Does anyone know where I can get a RB25 transmission? I've looked all over the place for one but cant find one. Thread title is wrong didnt see the RB26 swap thread.


----------



## trmn8r (Apr 16, 2005)

Big-Reese said:


> Does anyone know where I can get a RB25 transmission? I've looked all over the place for one but cant find one. Thread title is wrong didnt see the RB26 swap thread.


did you try this place


----------



## Pzych0 (Mar 1, 2005)

LOL google ftw


----------



## Big-Reese (Nov 15, 2005)

only place they show that sells that transmission is mckinneys. So I guess thats the onlt place huh?


----------



## OPIUM (Aug 18, 2002)

there are tons of places. Just gotta get your ass on the phone. A good place to call is JHOT exports, and I found this guy in Texas. He's selling the whole motorset but he may know where to get just a trans worth contacting him

http://cgi.ebay.com/ebaymotors/JDM-...33615QQitemZ8013336363QQrdZ1QQsspagenameZWDVW


----------



## Big-Reese (Nov 15, 2005)

Thanks opium. I've looked for awhile but I never thought to call people.


----------



## OPIUM (Aug 18, 2002)

no problem... here is jhot's website http://www.jhotexports.com/ anther good places is http://www.jarcoinc.com/. I've ordered from both of these places with positive results. The problem is that they will have a trans, but aren't willing to sell the motor without it. You could also call a shop I used to work for. Fueleld Performance. (480) 897.0712 I know they have some RB25 motorsets,, but parting them out I'm not sure. Worst they can say is no.


----------



## Big-Reese (Nov 15, 2005)

Well that ebay link you gave me they have a trans for me so I appreciate the help you did for me.


----------



## OPIUM (Aug 18, 2002)

awesome!! congrats and good luck with the swap.

edit: Make sure that when you get it, that you are getting a 25 trans and not a 20. Sometimes people pull shit like this hoping you are uniformed.

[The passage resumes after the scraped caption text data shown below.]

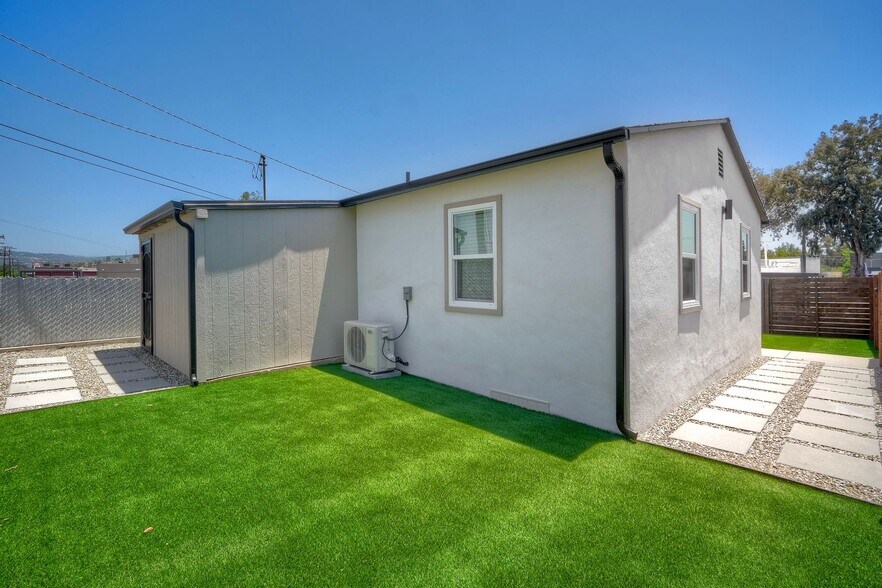 More Photos Of 1045 Main St, Ramona Freestanding For Lease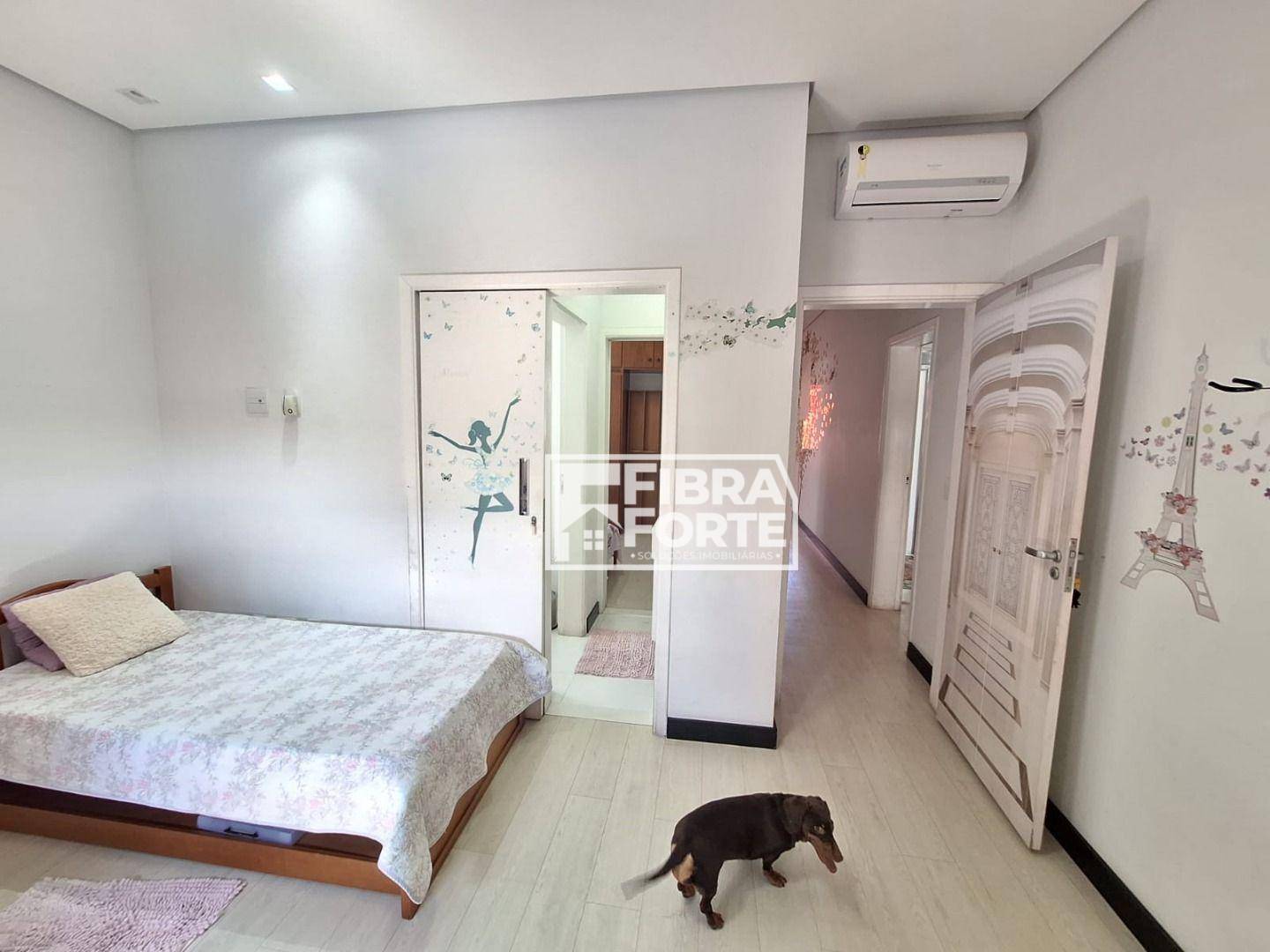Casa de Condomínio à venda com 3 quartos, 250m² - Foto 34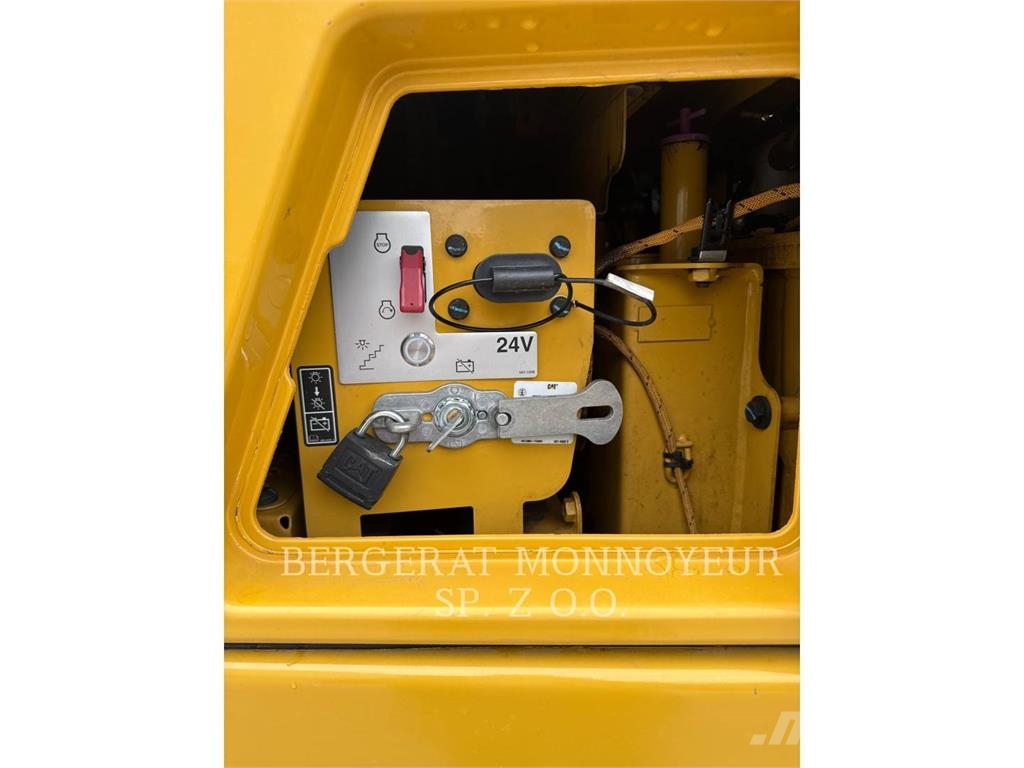 CAT 730 Dumper - Knickgelenk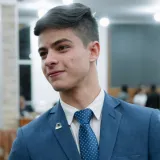 Hugo - Professor de piano - Waldemar Maciel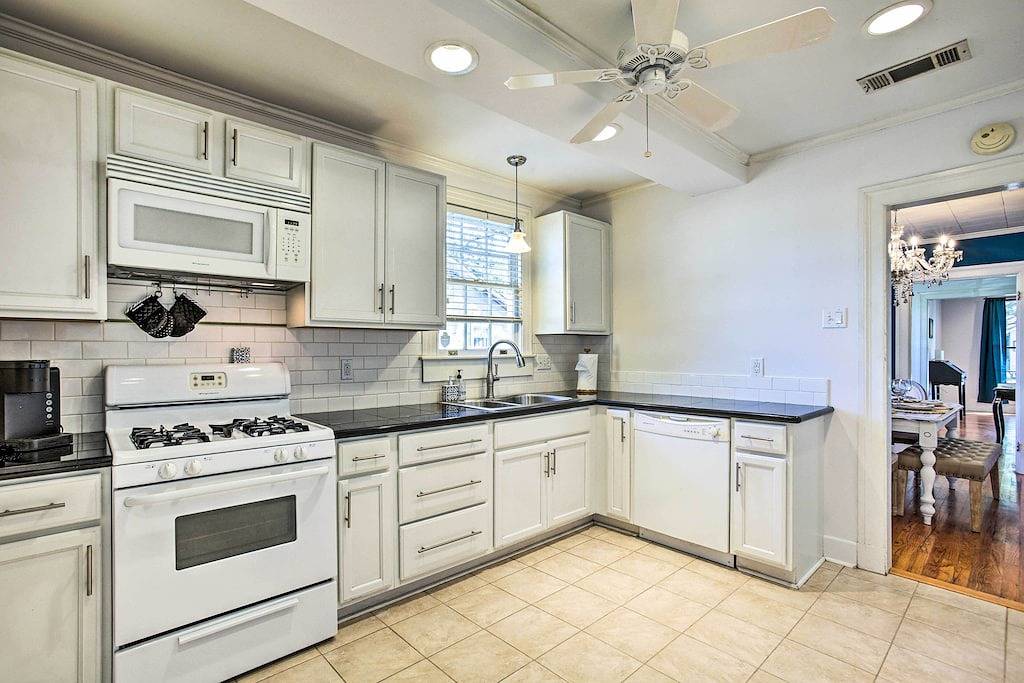 Back on Market! Baton Rouge Cottage < 3 Mi to Lsu in Baton Rouge, East Baton Rouge Parish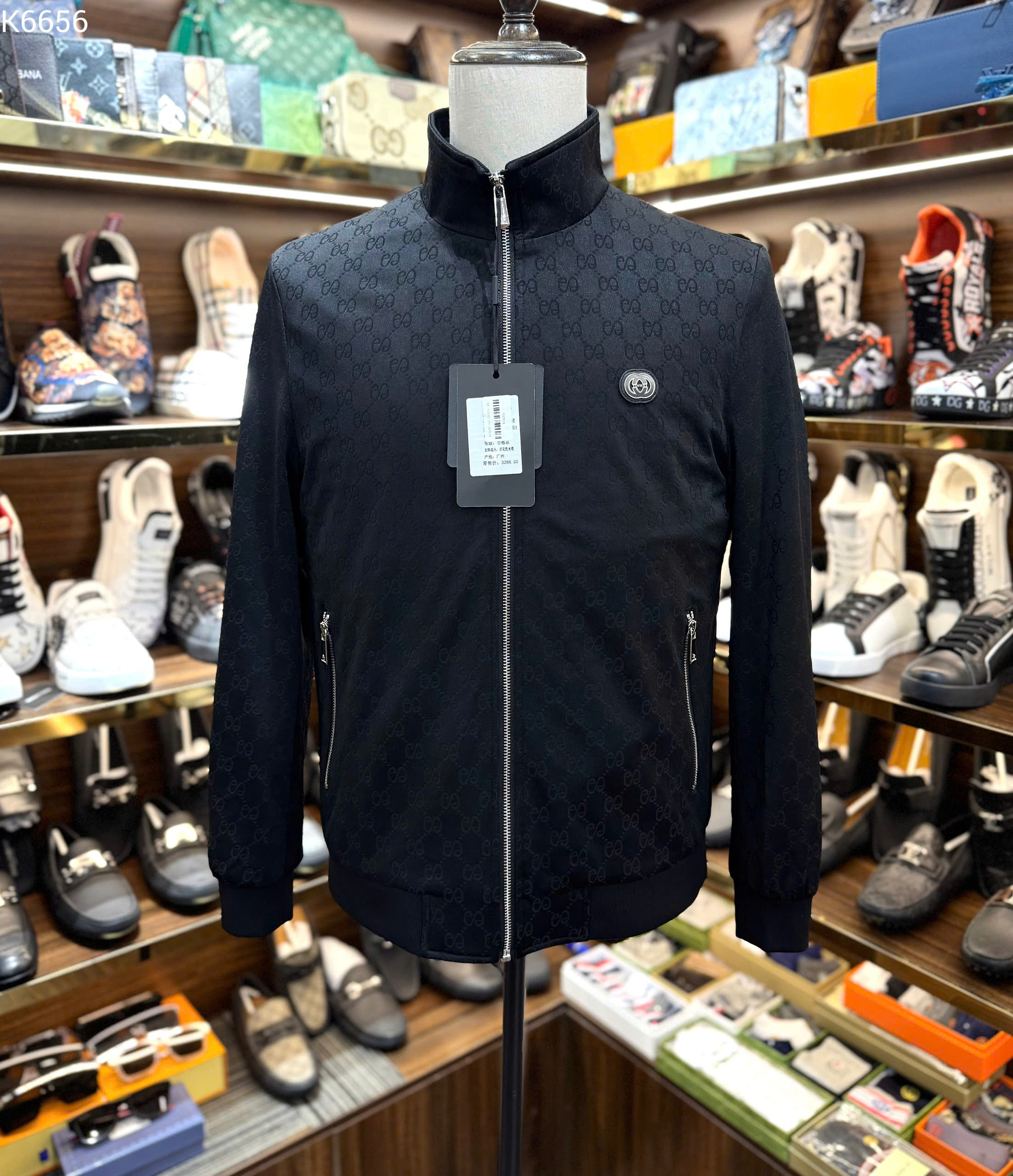 Áo khoác Gucci GC monogram full logo tag ngực Like Auth 48-52 MK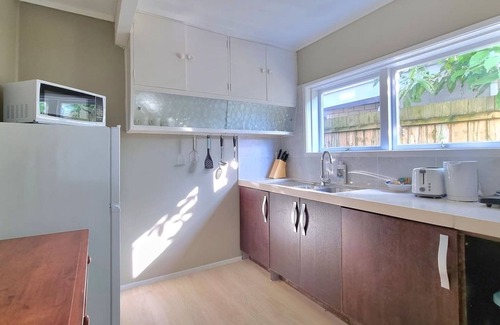 Hillsborough Appartement | Lovely 2 - Bedroom Unit with Free Parking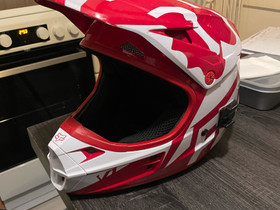 Fox crossikypärä koko S, Ajoasut, kengät ja kypärät, Mototarvikkeet ja varaosat, Oulu, Tori.fi Fox crossikypärä koko S, Ajoasut, kengät ja kypärät, Mototarvikkeet ja varaosat, Oulu, Tori.fi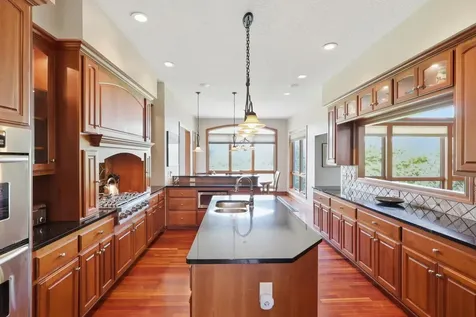 22720 Sweeney Lane Lakeville MN 55044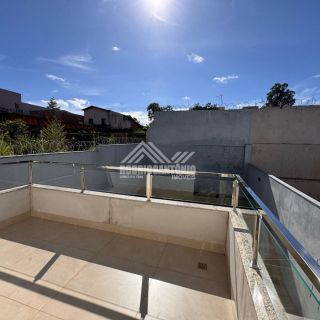 Linda casa a venda no Jaraguá I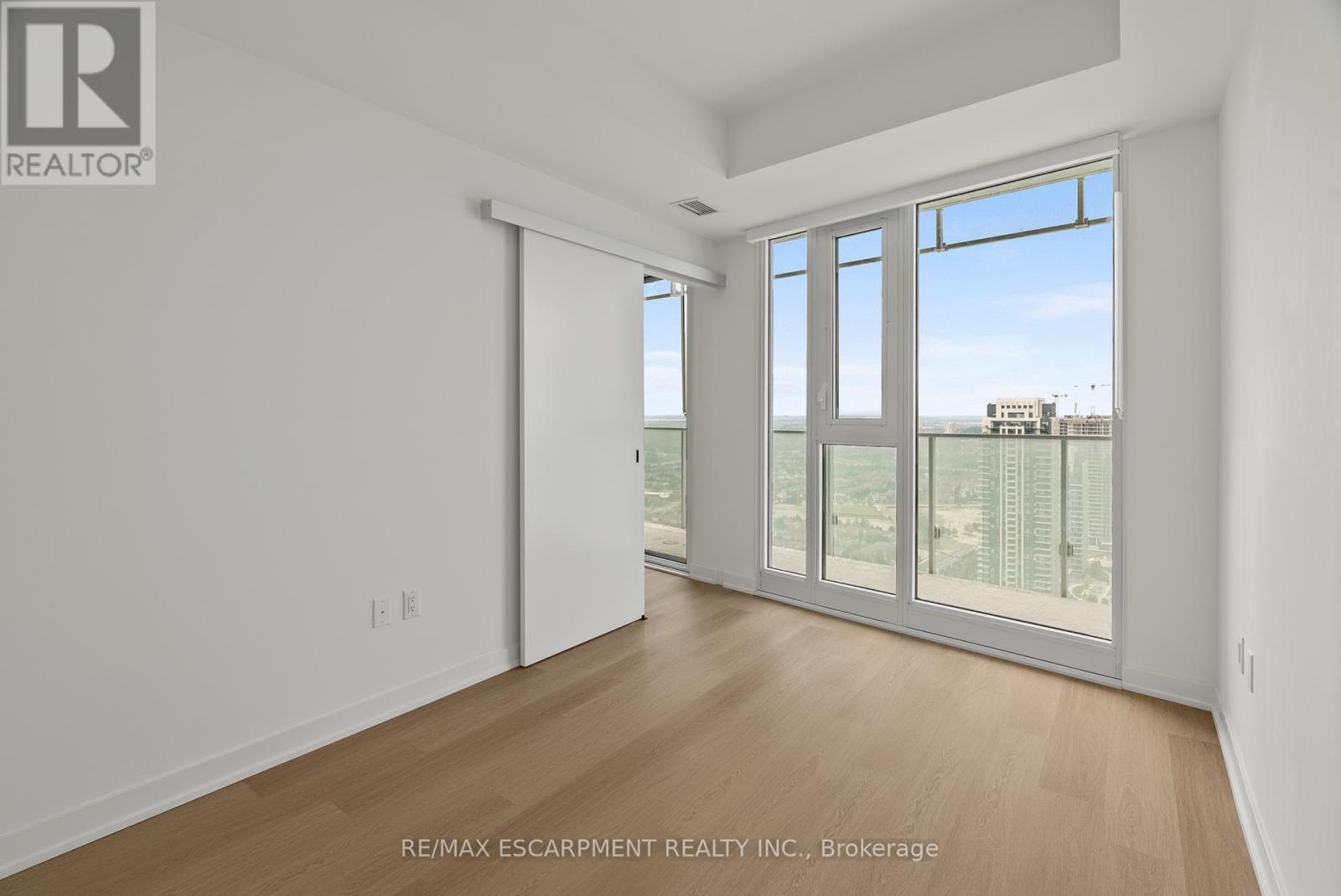 Photo 12 of 3413 3883 Quartz Road, Mississauga ON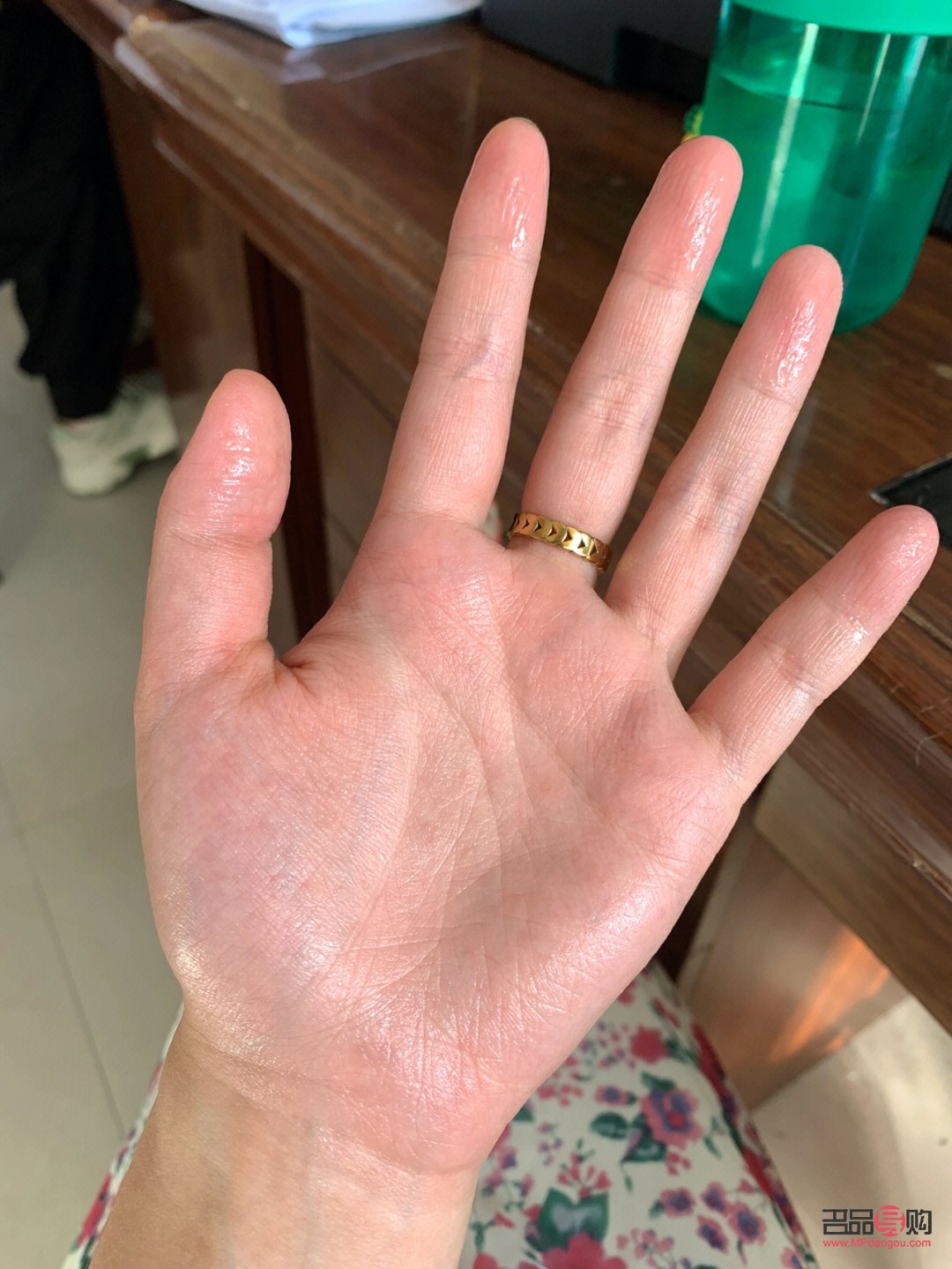 汗手能做美容师吗(汗手可以做美容师吗)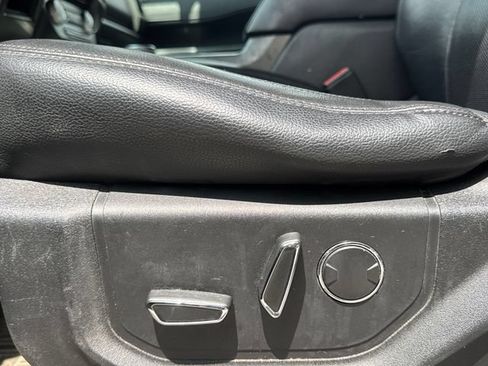 Used 2018 Ford Expedition XLT w/ Equipment Group 201A RWD image 14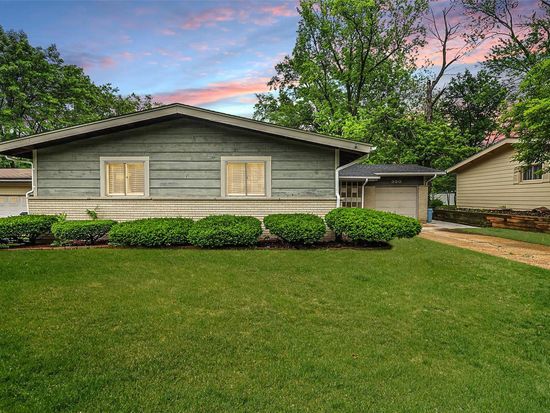 390 Waterford Dr, Florissant, MO 63033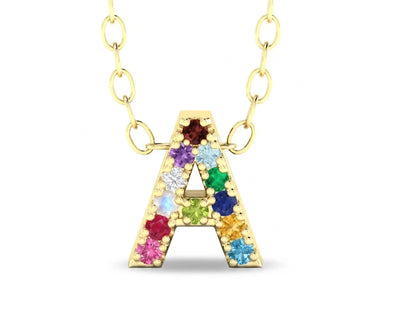 A initial pendant with chain gold minimal letter necklace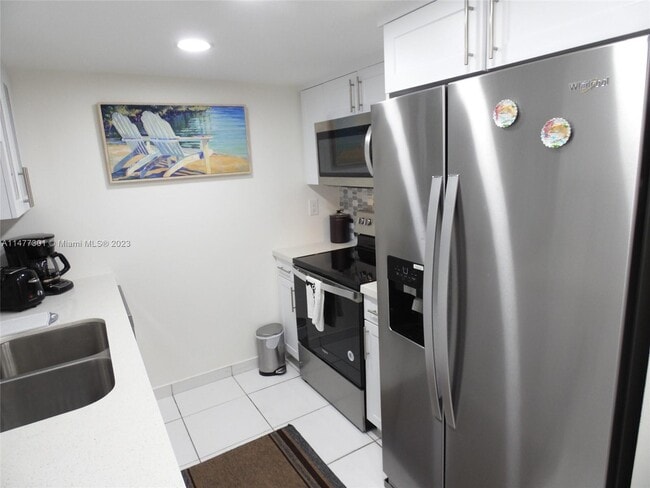 Building Photo - 1623 Collins Ave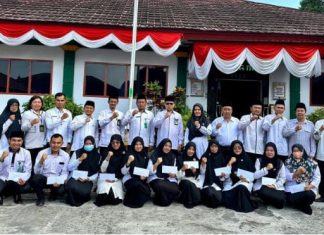 Kakankemenag Berikan Reward Untuk Pembimbing Siswa Berprestasi di Ajang KSM
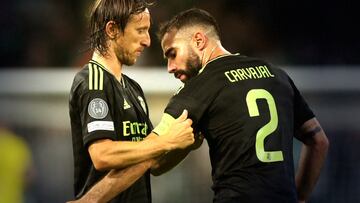 Luka Modric le pone el brazalete de capitán a Dani Carvajal en Celtic Park.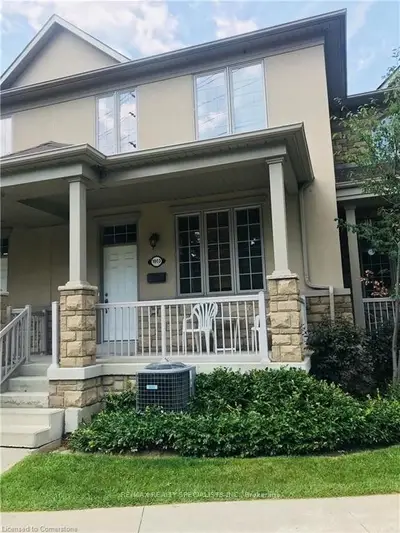 1003 Lorne Park Road 5, Mississauga, On L5h 2z9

Here's the size difference between a 20 vs. 25

20 is obviously the smaller one  Also make sure it has the slave cylinder with it. These are very very very hard to come by. It must have one!!! The 25 and 26 share the same slave cylinder, but no other nissan model in the states shares it. I heard** you can use 300zx parts to re-build it but the 300zx nor any other nissan have the same slave cylinder to date


----------